Tuesday, May 8, 2007

Collapse of Communism




Communism collapsed in Eastern Europe and the USSR because concern about nuclear annhilation was thought to have not been needed.




The people tore down the Berlin Wall because the oppurtunty to invade the Soviet Union without the military close by had arisen and the diplomats took it. They wanted to profit from the financial situatrions.




Many individual flags were put up to replace the Soviet red hammer-and-sickle flag as the newly formed countries declared sovereignity. Russia itself changed its flag back to the tricolored horizontal stripes. The economic took a direct hit from all of this conflict and chaos. Under the rule of communism, people were provided for as they worked. When capitalism came to Russia, the countries split up. This separation caused people to become more dependent on themselves than others.

Sunday, May 6, 2007

Creation of Israel











Zionism is the establishment of a Jewish state which gave the belief that Jews have a national privilege on Palestine, and the State of Israel has a right to discriminate against non-Jews (or against Jews) in order to maintain the Jewish nature of Israel.

Since most Arabs had rejected the U.N. partition because they wanted to keep their land as their own this then led to the acceptance of the Jews. On May 14, 1948, Israel was declared as an independent state.
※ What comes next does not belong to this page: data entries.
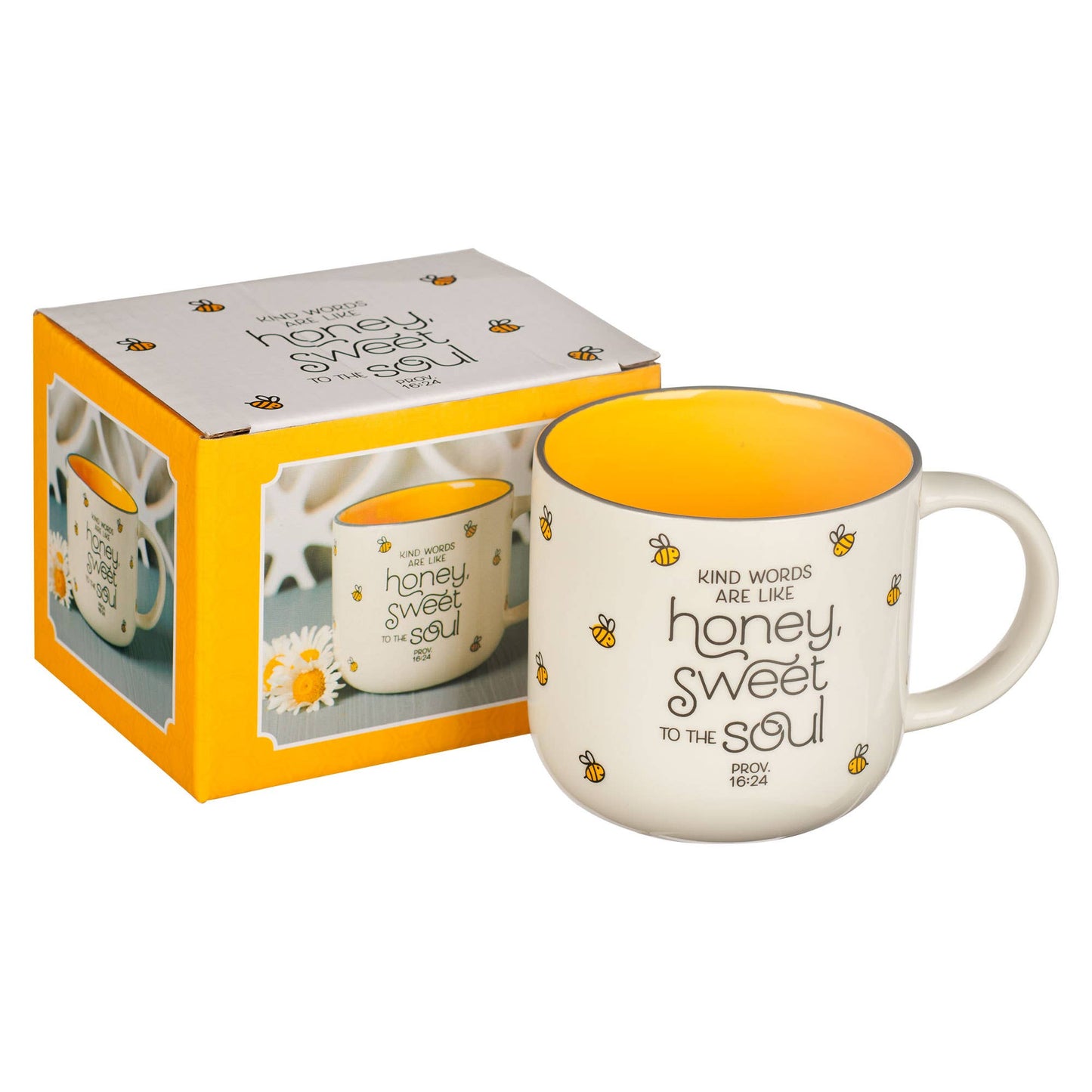 Bees Kind Words Prov. 16:24 Yellow Mug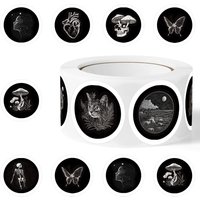 500pcs Black Gothic Graffiti Stickers, Aesthetics Decal Roll Self Adhesive Scrapbooking Envelopes Handmade,Party Supply
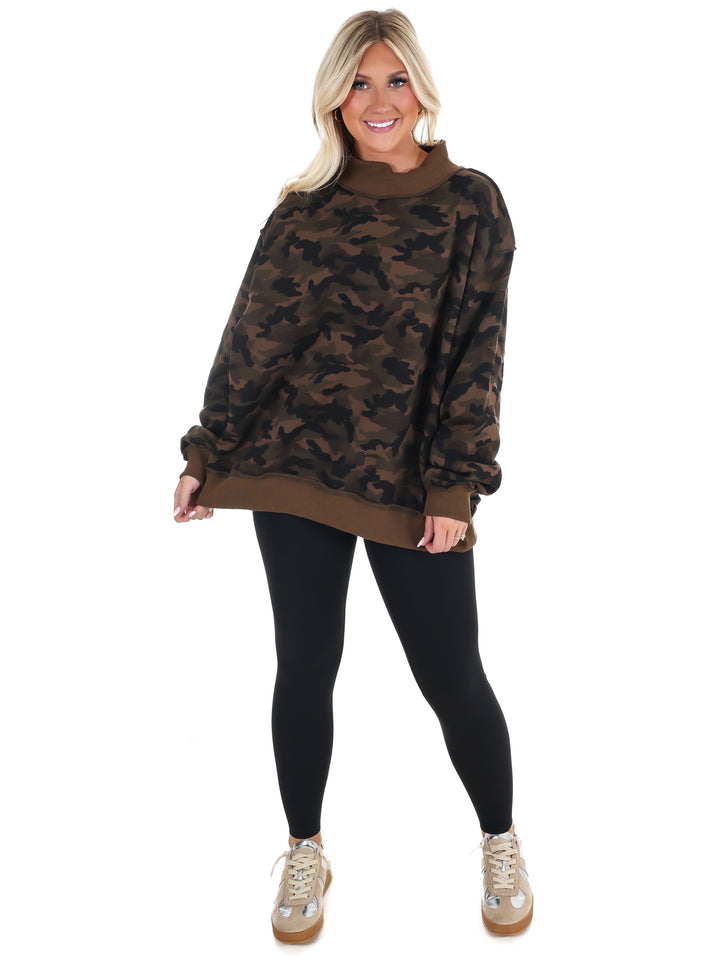 Camo Mock Neck Sweatshirt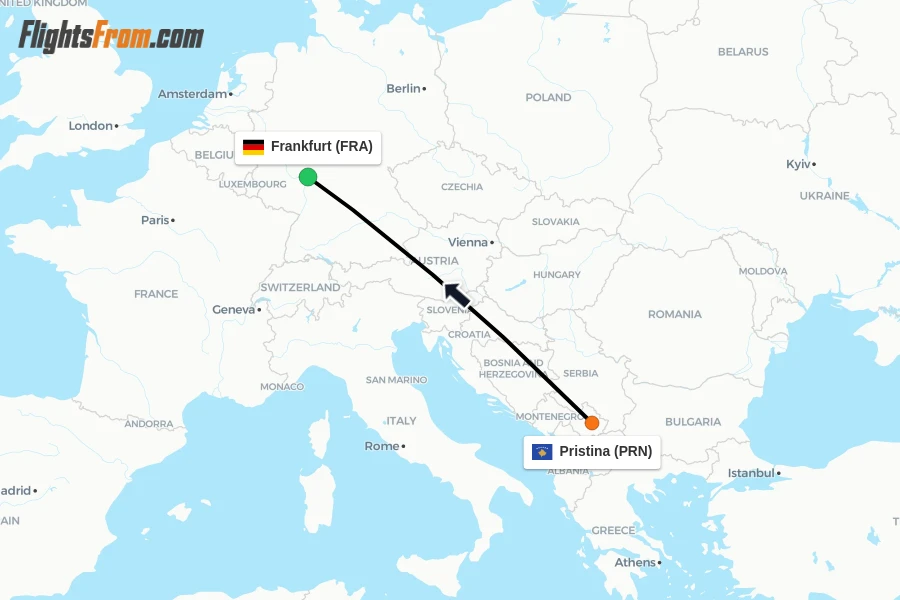 Flights from Pristina to Frankfurt route map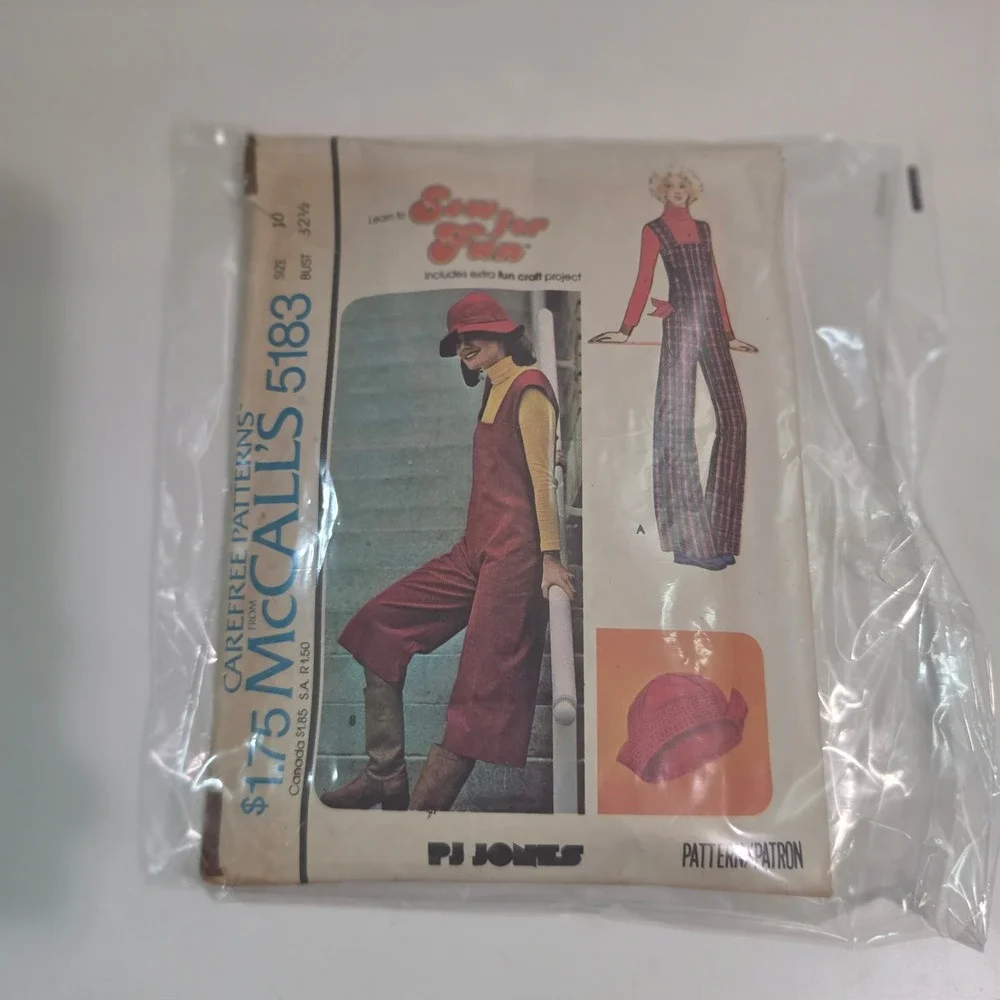 McCalls 5183 Vintage 70s Halter Jumpsuit Overalls Hat Pattern Size 10 Bust 32.5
President Truman alongside the Soviet Union seemed to have supported this declaration but not all seemed to take this new change so lightly.


The Palestinians found it humiliating that the Jews had just come and taken their land. They found it wrong how they had been forced out of their homes. The Palestinians showed their disapproval with a vengeance.





The day after their independence was declared, Israel was ambushed by the Arab states and Palestinians. After this brutal ambush came a major Middle Eastern war that existed between the Jews and the Palestinians. The Jews stood alone in their fight against the many for the Holy Land. Upon hearing the news of imperialism, others began to join forces against the Jews. There was Jordan, Syria, Lebanon, Iraq and Europe.



After the 1948 war, Israel had increased to about 8,000 square miles of Palestine which decreased the Arab lands that had been in the 1947 U.N. partition by about 50 percent. Jerusalem was divided, with Arabs on the east side of the Green Line and the Jews on the west.

Wednesday, May 2, 2007

Nelson Mandela and Apartheid

Apartheid is a discrimination and individualization of people of different races.
The word "apartheid" was created in the late 1930s by the South African Bureau for Racial Affairs (SABRA). It was first put into action in 1948, when the Afrikaner National Party gained power under Prime Minister Malan.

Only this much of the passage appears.